If it’s important to be restored, individually and as a church, how does restoration happen? There are several ways God offers restoration for our souls. While it may begin with spiritual rest, restoration doesn’t come to the passive. We are to seek it, desire it, ask for it, and claim it. One way is through prayer. Ps. 91: “Because he loves me,” says the Lord, “I will rescue … I will protect the one who acknowledges my name. You will call on me, and I will answer. I will be with you in trouble, I will deliver you.” Matthew 18:20: “Where two or three are gathered together in my name, there I am in the midst of them.” A second way is worship. As Paul writes in Colossians: “Let the peace of Christ rule in your hearts … be thankful … Let the message of Christ dwell among you richly through psalms, hymns, and songs from the Spirit, singing to God with gratitude in your hearts. And whatever you do, whether in word or deed, do it all in the name of the Lord Jesus, giving thanks to God the Father through him.” A third way is through devotional time and reading the Bible. There’s a way of reading the Bible called Lectio Divina (or sacred reading), that I want to introduce you to today if it’s something you’ve never done. This is something you can do daily in only a few minutes. Start by picking just a few Bible verses. Unsure of where to begin? Google “good verses for Lectio Divina” and that will get you started. This morning we’re going to look at Philippians 4:4-7. The verses are inside your bulletin on the inside to the right. “Rejoice in the Lord always; again, I will say, Rejoice. Let your gentleness be known to everyone. The Lord is near. Do not worry about anything, but in everything by prayer and supplication with thanksgiving let your requests be made known to God. And the peace of God, which surpasses all understanding, will guard your hearts and your minds in Christ Jesus.” I’m going to sit down for a few minutes and I encourage you to pray that God opens your heart and mind to what these verses would say to you this morning. Then, after praying, read the verses to yourself several times. As you read and re-read the verses, think about what words jump out at you. What is the message for you today? (Break)

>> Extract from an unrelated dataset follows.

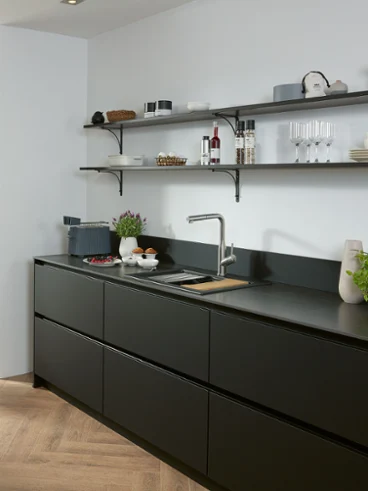 Une robinetterie de cuisine Subway Style Shower dans une cuisine noire Une robinetterie de cuisine Subway Style Shower en acier inoxydable massif dans une cuisine noire avec des étagères et un évier.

What immediately struck you from what you read? I’ve prayed about, thought on, and read these verses every day this past week. One day, when I was feeling frustrated, I was struck by, “The Lord is near.” I thought about what it means to me that God is close by my side. Another day, I needed reminded to rejoice in the Lord always. My car broke down this past week and had to be towed to the dealer and suddenly I wasn’t rejoicing. I needed to be reminded that I have a lot to be thankful for, and maybe I should focus on that since whatever is wrong with my car is wrong and stressing over it isn’t going to make a bit of difference. Another day, I was struck that we’re to pray in “everything” and to pray with thanksgiving. Don’t pray and wait and then give thanks. Pray always with thanks. That changes the focus of my prayer. And yesterday, I wondered what it means that God’s peace will “guard” my heart and mind. Not just be in my heart and mind, but guard it.
Here is my challenge for you this week. Take the bulletin home and put it on your refrigerator or your end table or wherever you will see it daily. Every day, whether in the morning, at noon, or at night, pray – read – reflect, on these verses. Let’s do this as a church. Let God speak to you through these verses. Make some notes each day on the message you hear most clearly. Consider making this way of reading the Bible part of your daily walk with God. It will restore your soul.
God, we have seen the damage that storms and stresses can cause in our lives and in our church. The past couple of years have been especially difficult and if we are being honest, at times it seems impossible that anything beautiful or good can come from such storms. We know within our hearts that this isn’t the end of the story, that you have something far greater to come, but some days it’s hard to see. God, we ask today for your healing presence in our lives. We pray restoration and peace. We place our hope and trust in you, knowing that because you see all that is, was, and is to come, you will do what is best. Restore the faith, hope, and joy of each person here today and restore the faith, hope, and joy of our church. In Jesus' name, Amen.